New York Times
September 18, 2000

China Is Said to Rearrest Bishop Released for Clinton's '98 Visit

By ERIK ECKHOLM

BEIJING, Sept. 17 An 81-year- old Roman Catholic bishop in southern China, who spent a total of more than 30 years in prison for his loyalty to the Vatican, was rearrested last week, a Catholic foundation in the United States said today.

The latest arrest of Bishop Zeng Jingmu of Jiangxi Province is a particular setback for the Clinton administration and a slap in the face for the Vatican.
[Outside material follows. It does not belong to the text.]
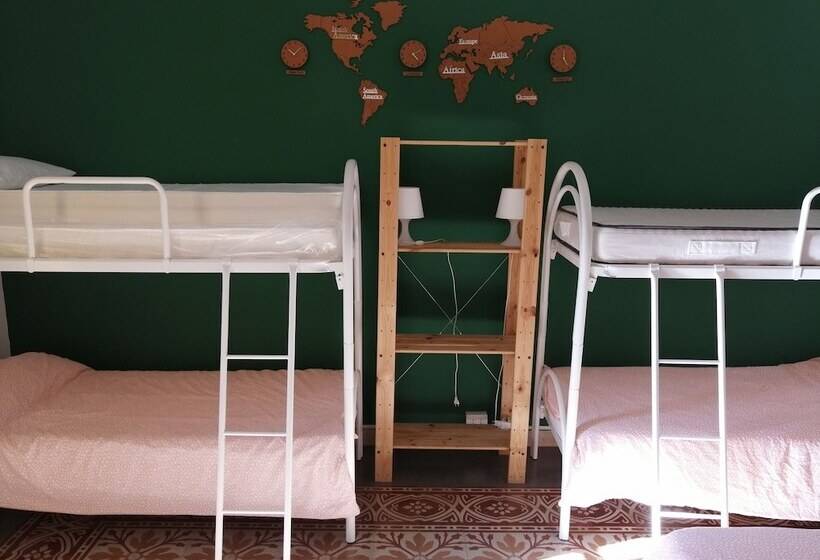 Jonathan Hostel & Guesthouse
In early 1998, as President Clinton prepared to visit China, American officials sought Bishop Zeng's early release from a labor camp, where he had been sent in 1995 for holding unauthorized religious services. When he was freed in May 1998, six months before his three-year sentence expired, President Clinton and other officials called his release a hopeful sign that Mr. Clinton's policy of constructive engagement with China was "bearing fruit," in the words of James R. Sasser, then the American ambassador to China.

Since his release, Bishop Zeng, who is described as frail by associates, has reportedly been kept under virtual house arrest, with tight police surveillance. But at midnight last Thursday, close to 60 security agents surrounded the bishop's house, entered it and seized him, said Joseph Kung, head of the Cardinal Kung Foundation in Stamford, Conn., which publicizes the persecution of China's so-called underground church.

Mr. Kung said in an interview that Bishop Zeng's associates had not yet been told why he was taken in. But Mr. Kung speculated that it was because of his continued intransigent stand against cooperating with the government-allied church. His foundation has reported the detentions or beatings of several other pro-Vatican priests in the last few months.

The arrest report coincided with the publicized visit to China by a high Vatican official. Cardinal Roger Etchegaray's attendance at a religious conference in Beijing last week had been widely interpreted as indicating a slight thaw in relations between China and the Vatican.

Since he was ordained as a priest in 1949, the year the Communists won power in China, Bishop Zeng has been one of the most steadfast opponents of the official "patriotic" church, which accepts the supremacy of the Communist Party and rejects the Pope's right to select bishops. Between 1955 and 1995, according to the Kung Foundation, he spent 30 years in prison. In the early 1990's, he became known for offering huge open-air Masses on a mountaintop, attended by tens of thousands of worshipers until the authorities clamped down.

The official church has about 70 bishops and claims five million members, while Vatican officials say that from five million to ten million Chinese follow the unauthorized Roman Catholic Church. In some regions, the two groups coexist, if uneasily, and many priests privately admit to having divided loyalties. But in regions with high concentrations of Catholics, relations between the government and the underground church are tense, according to the United States State Department's Sept. 5 report on religious freedom.

On Aug. 16, 1999, the Central Committee of the ruling Communist Party issued a document "calling on the authorities to tighten control of the official Catholic Church and to eliminate the underground Catholic Church if it does not bend to government control," according to the State Department report.

The Vatican and China broke off relations in the early 1950's over issues of papal authority and religious freedom.